溺者役となったライフセーバーを救助するMatrice 300 RTKからの映像
日本ライフセーバー協会の上野凌氏によると、溺者を発見してアプローチするまでの時間は、ドローンが浜から離陸して到着するよりもライフセーバーのほうが早いという。ただ、定期的な監視・パトロールの役割としてのドローンは広い視野と人的な労力の削減という意味で非常に優れており、期待するところも大きい。
ライフセーバーとドローンチームで密に連携を取りながら監視は行われる
また、今回のプロジェクトでは産業系を中心としたドローンパイロットがプロボノ(専門家が職業上のノウハウやスキルを無償提供して社会貢献する活動)として参加している。ドローンによる点検事業やドローンスクールを経営する依田健一氏もそのひとり。地元が横浜で片瀬西浜・鵠沼海水浴場にも近いこともあり、地元へ寄与したいと思いとドローンを人命救助に役立てたいという思いからパイロットとしてプロジェクトに参加。普段の業務で行っている物件投下や安全管理のノウハウをチームに共有している。
「非常時に焦ってドローンを運用するとどうしても必要な手順を見落とすこともあるので、そこは冷静に見て見落としを指摘するなどしている」とベテランパイロットならではの冷静な視点でプロジェクトをサポートする。
プロジェクトの今後の展開について、ドローン運用を行うLYING BEACH GUARDIANS、慶應義塾大学SFC研究所ドローン社会共創コンソーシアムの南政樹副代表は次のように語った。
茅ヶ崎市から鎌倉市にかけて広がる湘南海岸は年間200万人の来場客がある海水浴場。本プロジェクトである程度モデル化できれば他の海岸でも展開できると考えている。将来的にはライフセーバー側のドローン運用人材を育成、県の予算で機体や設備を購入することによりドローンオペレーターが来るのではなく、ライフセーバーの取り組みとしてドローンを活用してもらえたらいい。
ライフセーバー側にどんどん権限移譲してドローン活用の新しいリクエストが出てきたときにドローン産業側が解決策を提供していくということがあるべき姿だと考えている。
救助機材レスチューブを持つ南副代表
海岸の監視・救助にドローンを活用…というとすぐにでもできそうなイメージを持つ方もいるかも知れないが、実際に運用するとなるといろいろな問題が出てくる。
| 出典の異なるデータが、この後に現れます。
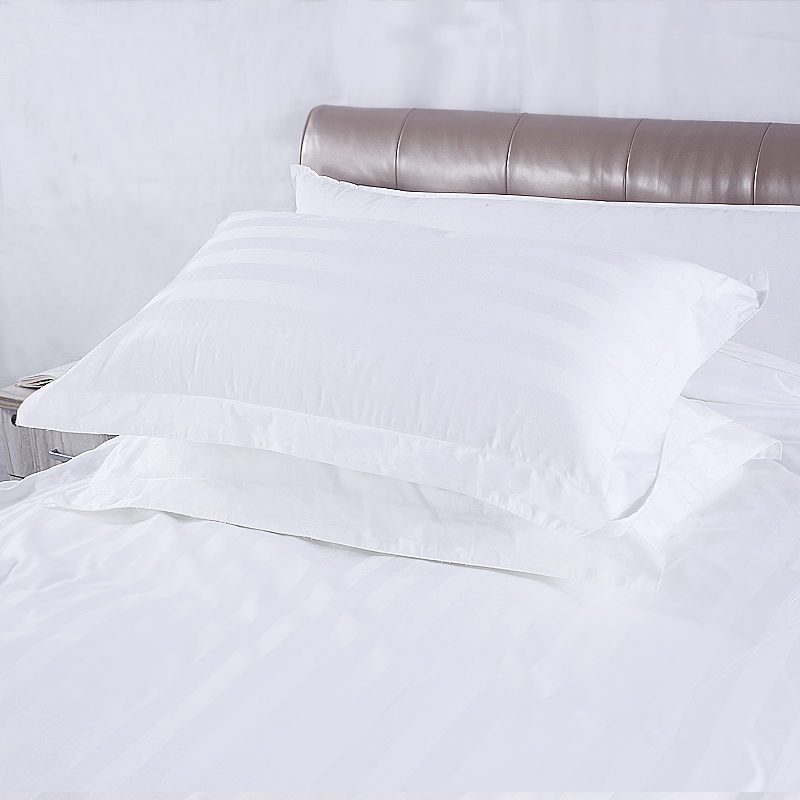 Five-Star Hotel Special Bedding White Striped Pillowcase Single Pillowcase Dormitory Student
海水浴場開設が見送られたとはいえ人が行き交う海水浴場での離着陸は安全管理が大切なのはもちろんのこと、ドローンで上空から監視していたとしてもドローンパイロットには遊泳している人が危険な状況にあることを認識すること自体が難しく、また、それにどのようにアプローチしたらよいかという判断はなおさら難易度が高い。
今回のプロジェクトでは、ライフセーバーチームとドローンチームが連携してそれらの対応に当たるとのことだが、人の命に関わる専門性の高いセンシティブな判断が求められることは間違いなく、ブリーフィングでは点検や空撮現場とはまた違った緊張感のようなものが感じられた。
ライフセーバー×ドローンの取り組みの利点や課題は19日間の取り組みの中でまだまだたくさん見えてくることがあるはず。日本初のこの取り組みはまだ始まったばかりだ。